Paul, I’ve been trying to sort out my frustrations about CommentPress. (There’s also a competing product called Diigo that I was comparing a couple of months ago.) I think the problem lies not necessarily in the products themselves, but possibly in the fact that works like yours are really already so practically comprehensive and complete that it seems almost a little late for individuals to interact with them.
If I were to get into this book (actually, I can’t wait to delve into the stuff on Erasmus!), I would need to set aside a significant amount of time — at my desktop computer. But the product is so well constructed already that it actually merits being locked up and printed so that I can read it in a comfortable chair! I also find myself looking for structure, illustrations, and so on, and being disappointed.
I don’t know if it’s my old-fashioned “book” mind that craves the staticity and controlled nature of a printed and bound product (would a younger, more postmodern reader prefer this format?) or if there is something objectively qualitative about a “ludic reading” experience (cf. Sven Birkerts) that calls for being away from the depths of the machine and precludes too much interaction.
Every discussion like this first calls to mind talmudist concentric marginalia and then the joyous “conversation” of scribbling notes in the margins of our own books. Maybe I just need to find more quiet time and space to be able to read these works carefully. I just went through the Rime of the Ancient Mariner online and I was fidgeting for half of it!

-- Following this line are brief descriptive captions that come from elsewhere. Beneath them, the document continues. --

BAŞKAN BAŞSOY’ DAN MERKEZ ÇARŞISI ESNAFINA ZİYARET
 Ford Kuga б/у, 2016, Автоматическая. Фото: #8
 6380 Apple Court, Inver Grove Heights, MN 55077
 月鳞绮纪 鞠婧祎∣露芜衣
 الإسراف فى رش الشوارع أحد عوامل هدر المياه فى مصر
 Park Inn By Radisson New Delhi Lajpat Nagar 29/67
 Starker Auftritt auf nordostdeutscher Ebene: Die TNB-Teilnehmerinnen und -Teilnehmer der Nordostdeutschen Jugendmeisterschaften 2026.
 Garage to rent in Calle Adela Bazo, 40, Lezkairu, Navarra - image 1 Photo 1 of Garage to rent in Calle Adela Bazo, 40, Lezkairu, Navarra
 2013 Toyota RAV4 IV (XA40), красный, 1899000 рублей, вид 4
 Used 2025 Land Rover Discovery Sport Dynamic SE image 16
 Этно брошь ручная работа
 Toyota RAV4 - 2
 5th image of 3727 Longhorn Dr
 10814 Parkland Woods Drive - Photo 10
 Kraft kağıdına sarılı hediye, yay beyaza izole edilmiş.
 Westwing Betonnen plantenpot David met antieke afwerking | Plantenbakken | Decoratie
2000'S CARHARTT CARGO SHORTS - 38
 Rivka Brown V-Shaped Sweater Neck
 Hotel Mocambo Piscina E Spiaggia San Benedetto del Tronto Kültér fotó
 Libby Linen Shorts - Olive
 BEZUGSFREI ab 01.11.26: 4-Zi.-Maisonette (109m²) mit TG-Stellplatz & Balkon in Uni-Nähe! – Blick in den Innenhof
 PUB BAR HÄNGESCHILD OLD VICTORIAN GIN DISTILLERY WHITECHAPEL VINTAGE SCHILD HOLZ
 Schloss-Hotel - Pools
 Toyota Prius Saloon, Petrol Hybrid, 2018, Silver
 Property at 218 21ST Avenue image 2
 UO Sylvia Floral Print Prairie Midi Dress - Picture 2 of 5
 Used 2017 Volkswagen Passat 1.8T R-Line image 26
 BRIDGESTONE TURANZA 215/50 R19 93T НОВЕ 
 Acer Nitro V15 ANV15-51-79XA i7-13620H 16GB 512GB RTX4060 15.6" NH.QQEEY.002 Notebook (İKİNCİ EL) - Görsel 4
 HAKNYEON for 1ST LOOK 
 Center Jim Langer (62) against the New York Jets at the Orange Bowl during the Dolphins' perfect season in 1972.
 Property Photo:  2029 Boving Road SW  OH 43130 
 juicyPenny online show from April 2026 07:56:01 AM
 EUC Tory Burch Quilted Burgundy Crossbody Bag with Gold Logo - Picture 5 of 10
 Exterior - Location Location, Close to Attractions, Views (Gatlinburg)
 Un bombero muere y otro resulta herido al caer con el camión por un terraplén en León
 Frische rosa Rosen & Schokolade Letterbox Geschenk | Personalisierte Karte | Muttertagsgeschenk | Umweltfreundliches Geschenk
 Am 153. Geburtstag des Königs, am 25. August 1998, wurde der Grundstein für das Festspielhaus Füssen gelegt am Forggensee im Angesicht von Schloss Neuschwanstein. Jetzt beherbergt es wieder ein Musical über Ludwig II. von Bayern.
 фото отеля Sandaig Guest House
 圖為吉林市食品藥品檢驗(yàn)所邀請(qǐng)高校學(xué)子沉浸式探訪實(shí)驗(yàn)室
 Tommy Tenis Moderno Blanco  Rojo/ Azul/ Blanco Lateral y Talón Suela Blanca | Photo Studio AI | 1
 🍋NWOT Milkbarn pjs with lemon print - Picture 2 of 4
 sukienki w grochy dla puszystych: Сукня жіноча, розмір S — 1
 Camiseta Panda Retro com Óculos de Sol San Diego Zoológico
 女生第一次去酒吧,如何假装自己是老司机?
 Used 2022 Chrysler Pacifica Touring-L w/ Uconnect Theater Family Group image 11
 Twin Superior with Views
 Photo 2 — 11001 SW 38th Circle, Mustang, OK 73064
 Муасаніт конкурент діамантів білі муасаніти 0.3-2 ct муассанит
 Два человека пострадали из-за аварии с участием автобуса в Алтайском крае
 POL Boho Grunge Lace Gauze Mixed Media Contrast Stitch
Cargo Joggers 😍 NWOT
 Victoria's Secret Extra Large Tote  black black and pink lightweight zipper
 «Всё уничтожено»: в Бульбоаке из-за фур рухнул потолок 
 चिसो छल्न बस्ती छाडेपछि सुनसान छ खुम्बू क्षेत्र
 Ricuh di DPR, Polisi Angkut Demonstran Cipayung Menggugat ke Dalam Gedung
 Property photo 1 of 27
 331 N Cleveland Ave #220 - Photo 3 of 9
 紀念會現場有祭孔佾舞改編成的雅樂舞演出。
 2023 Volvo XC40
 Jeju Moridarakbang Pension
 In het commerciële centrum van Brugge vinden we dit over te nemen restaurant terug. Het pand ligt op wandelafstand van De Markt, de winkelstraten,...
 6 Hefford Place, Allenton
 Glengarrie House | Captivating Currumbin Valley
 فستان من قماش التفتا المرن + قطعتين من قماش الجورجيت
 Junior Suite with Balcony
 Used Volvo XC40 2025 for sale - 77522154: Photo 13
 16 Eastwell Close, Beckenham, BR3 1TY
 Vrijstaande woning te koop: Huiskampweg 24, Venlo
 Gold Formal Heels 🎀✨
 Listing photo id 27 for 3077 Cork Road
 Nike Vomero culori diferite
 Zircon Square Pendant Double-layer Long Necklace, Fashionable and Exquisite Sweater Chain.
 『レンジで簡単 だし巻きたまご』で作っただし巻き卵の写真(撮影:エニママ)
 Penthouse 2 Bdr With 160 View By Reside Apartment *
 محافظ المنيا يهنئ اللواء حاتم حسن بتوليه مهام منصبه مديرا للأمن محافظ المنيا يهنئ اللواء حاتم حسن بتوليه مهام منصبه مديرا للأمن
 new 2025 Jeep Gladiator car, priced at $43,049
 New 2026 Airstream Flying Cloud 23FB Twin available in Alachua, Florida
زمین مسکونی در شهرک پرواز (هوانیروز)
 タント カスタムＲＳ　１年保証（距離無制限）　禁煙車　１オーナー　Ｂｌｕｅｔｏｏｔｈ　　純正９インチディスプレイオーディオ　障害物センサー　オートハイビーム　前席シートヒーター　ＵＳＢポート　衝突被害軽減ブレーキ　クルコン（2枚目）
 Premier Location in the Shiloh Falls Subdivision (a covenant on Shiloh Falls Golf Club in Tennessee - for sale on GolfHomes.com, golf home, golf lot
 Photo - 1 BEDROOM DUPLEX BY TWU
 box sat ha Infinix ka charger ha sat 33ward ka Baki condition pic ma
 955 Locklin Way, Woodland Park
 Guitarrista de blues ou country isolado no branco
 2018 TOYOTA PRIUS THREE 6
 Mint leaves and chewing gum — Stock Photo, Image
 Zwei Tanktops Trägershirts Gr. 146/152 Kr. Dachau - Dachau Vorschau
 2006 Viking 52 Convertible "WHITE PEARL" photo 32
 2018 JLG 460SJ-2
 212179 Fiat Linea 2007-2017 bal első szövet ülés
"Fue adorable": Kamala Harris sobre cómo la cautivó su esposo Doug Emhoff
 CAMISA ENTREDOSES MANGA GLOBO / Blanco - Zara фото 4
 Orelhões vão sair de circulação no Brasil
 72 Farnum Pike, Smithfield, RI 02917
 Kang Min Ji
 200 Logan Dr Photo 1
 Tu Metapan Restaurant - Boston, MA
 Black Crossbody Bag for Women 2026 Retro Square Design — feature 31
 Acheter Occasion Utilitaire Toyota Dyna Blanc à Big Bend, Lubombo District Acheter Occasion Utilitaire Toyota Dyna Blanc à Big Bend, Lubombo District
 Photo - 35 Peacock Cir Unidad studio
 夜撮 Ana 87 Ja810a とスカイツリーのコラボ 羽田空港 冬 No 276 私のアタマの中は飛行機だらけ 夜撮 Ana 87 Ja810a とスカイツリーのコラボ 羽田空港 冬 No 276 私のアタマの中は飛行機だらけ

Fascinating. On-demand custom printing was not invented in the 1990s. In fact, there will be a curve away from customizability as industrialization increases: the page makeup processes get more specialized, presses become larger and faster, and the distance from man to work increases. Now we have a curve back toward the personalization. But the system is so complex now that teachers still can’t customize very well. What most teachers do for customization is photocopying.